[Start of section]

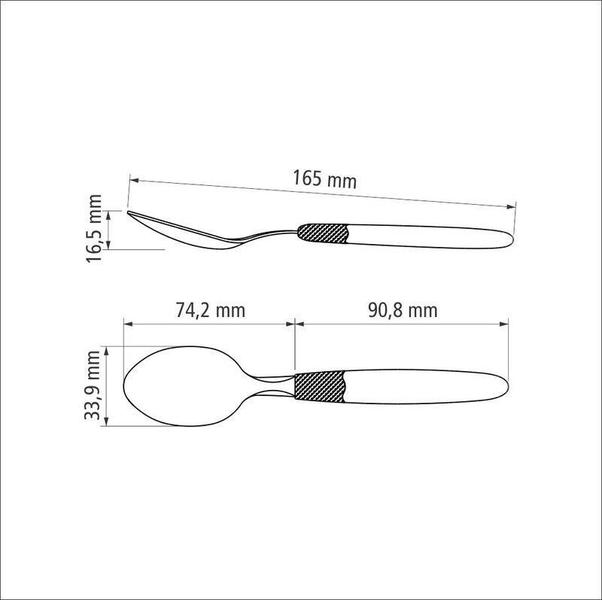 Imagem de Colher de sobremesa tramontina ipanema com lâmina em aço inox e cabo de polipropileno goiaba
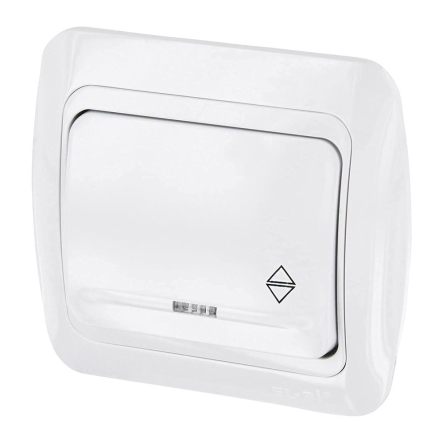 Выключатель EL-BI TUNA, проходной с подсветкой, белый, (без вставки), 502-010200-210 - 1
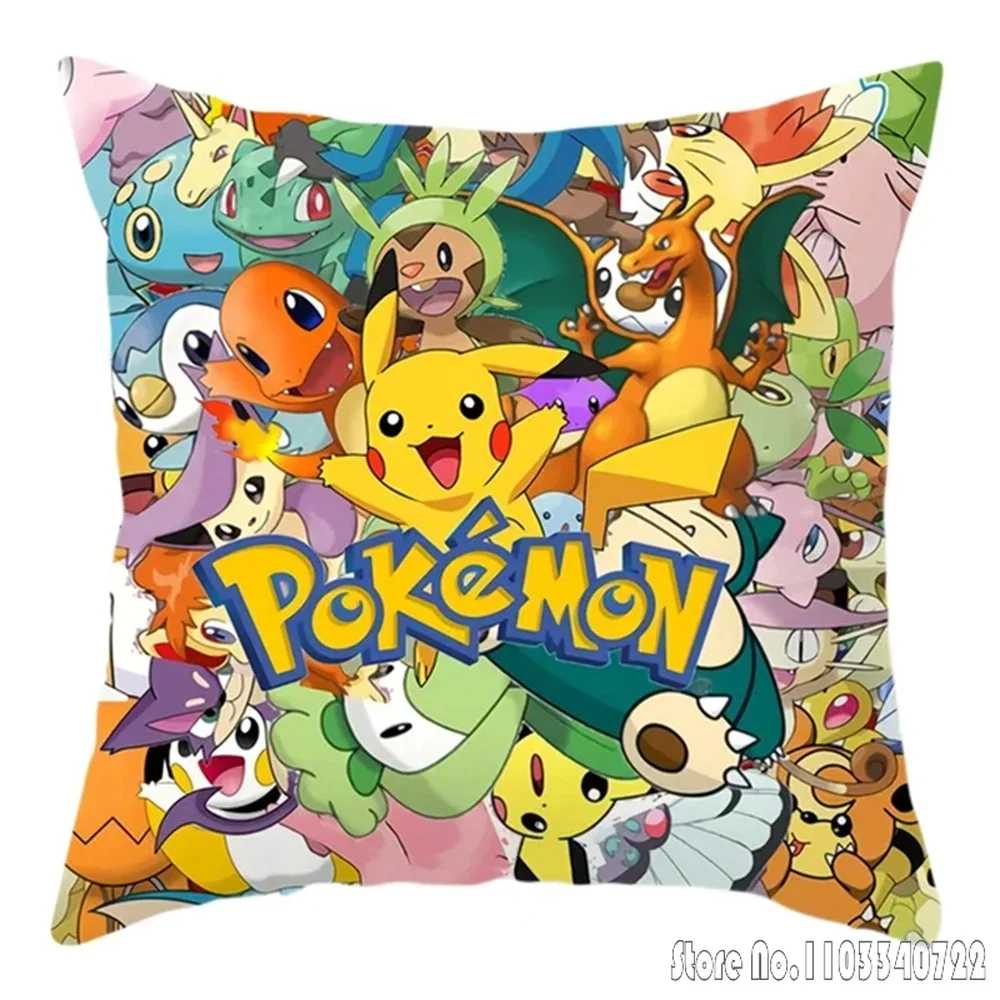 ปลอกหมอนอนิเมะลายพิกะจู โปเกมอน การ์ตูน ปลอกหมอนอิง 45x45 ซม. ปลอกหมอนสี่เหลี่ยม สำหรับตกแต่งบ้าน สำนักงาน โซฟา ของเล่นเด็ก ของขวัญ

[End of section]

- Task item
Restate all of the material word for word, leaving every picture out.

- Exercise output
 Imagem de Colher de sobremesa tramontina ipanema com lâmina em aço inox e cabo de polipropileno goiaba
 Выключатель EL-BI TUNA, проходной с подсветкой, белый, (без вставки), 502-010200-210 - 1
 ปลอกหมอนอนิเมะลายพิกะจู โปเกมอน การ์ตูน ปลอกหมอนอิง 45x45 ซม. ปลอกหมอนสี่เหลี่ยม สำหรับตกแต่งบ้าน สำนักงาน โซฟา ของเล่นเด็ก ของขวัญ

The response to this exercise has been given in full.